Thanks for seeing it that way.


----------



## bojangles (Oct 11, 2016)

3Xnocharm said:


> If you hire an attorney, you can get the divorce done with ZERO cooperation from her. I did just that when I divorced my second husband. We had NOTHING, sad as that is. He never responded to being served or anything else the entire time, and before I knew it, I was divorced.


I can go that route, if needed, in about 8 months. My state requires 1 year "cooling off" period, UNLESS you have a separation agreement and it's uncontested on the grounds of mutual consent. I've probably blown my cover for what state I live in, but it's pretty populous so who cares. On the exceptionally slim odds that someone from my daily life has identified me, how are you liking the show thus far?


----------



## browser (Oct 26, 2016)

Hope1964 said:


> In the grand scheme of things, what does it matter if you're divorced or not? All it is is a piece of paper.


It matters to quality dates and potential relationship partners.


----------



## Hope1964 (Sep 26, 2011)

browser said:


> It matters to quality dates and potential relationship partners.

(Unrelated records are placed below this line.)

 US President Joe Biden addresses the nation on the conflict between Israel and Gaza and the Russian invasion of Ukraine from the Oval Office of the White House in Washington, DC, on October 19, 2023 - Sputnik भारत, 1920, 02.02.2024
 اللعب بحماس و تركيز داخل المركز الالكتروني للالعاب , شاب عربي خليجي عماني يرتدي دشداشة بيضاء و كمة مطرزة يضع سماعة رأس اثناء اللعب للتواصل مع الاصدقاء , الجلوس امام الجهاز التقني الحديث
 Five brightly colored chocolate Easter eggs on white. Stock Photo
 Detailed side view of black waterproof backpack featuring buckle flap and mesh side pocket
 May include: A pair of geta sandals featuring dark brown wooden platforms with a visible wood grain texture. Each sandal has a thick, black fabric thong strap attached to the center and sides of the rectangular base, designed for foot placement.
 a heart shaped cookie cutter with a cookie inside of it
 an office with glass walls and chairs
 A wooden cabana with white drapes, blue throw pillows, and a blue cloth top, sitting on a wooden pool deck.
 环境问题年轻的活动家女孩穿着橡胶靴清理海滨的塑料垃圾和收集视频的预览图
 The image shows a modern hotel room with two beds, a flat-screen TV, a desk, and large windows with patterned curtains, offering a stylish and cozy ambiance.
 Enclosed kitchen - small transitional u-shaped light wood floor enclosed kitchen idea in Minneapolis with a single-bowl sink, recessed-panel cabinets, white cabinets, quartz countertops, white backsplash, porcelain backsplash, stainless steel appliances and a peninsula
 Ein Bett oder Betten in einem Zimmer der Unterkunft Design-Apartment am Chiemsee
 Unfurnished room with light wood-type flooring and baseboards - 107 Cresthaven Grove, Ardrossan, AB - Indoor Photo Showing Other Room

What, that the divorce isn't final? Really? I'd beg to differ about the adjective 'quality' in that case.


----------



## browser (Oct 26, 2016)

Hope1964 said:


> What, that the divorce isn't final? Really? I'd beg to differ about the adjective 'quality' in that case.


Experienced daters such as myself know that a person who is still married is a huge risk on so many levels.

1- The person may still be involved with their spouse, to a much greater degree then they let on
2- If things have broken down recently - indicated by no divorce- then there still may be a lot of emotions at play and the person may not yet be ready for a new relationship
3- The emotional/mental/physical/financial turmoil and toll taken by a divorce can rip even the best person to pieces, metaphorically speaking of course, and hopefully the effect is temporary but at any rate if they have yet to go through it, it's not the time to be getting to know them and expect any sort of stability.

Again, these things may or may not apply to the Op but my point is a potential partner doesn't know if they do and if they're smart they won't take his word for it because *surprise*.. people lie.


----------



## GuyInColorado (Dec 26, 2015)

Start dating and acting like your're single. Who cares about her. Her dragging her feet just means you can't get married soon. Big deal.


----------



## browser (Oct 26, 2016)

GuyInColorado said:


> Her dragging her feet just means you can't get married soon.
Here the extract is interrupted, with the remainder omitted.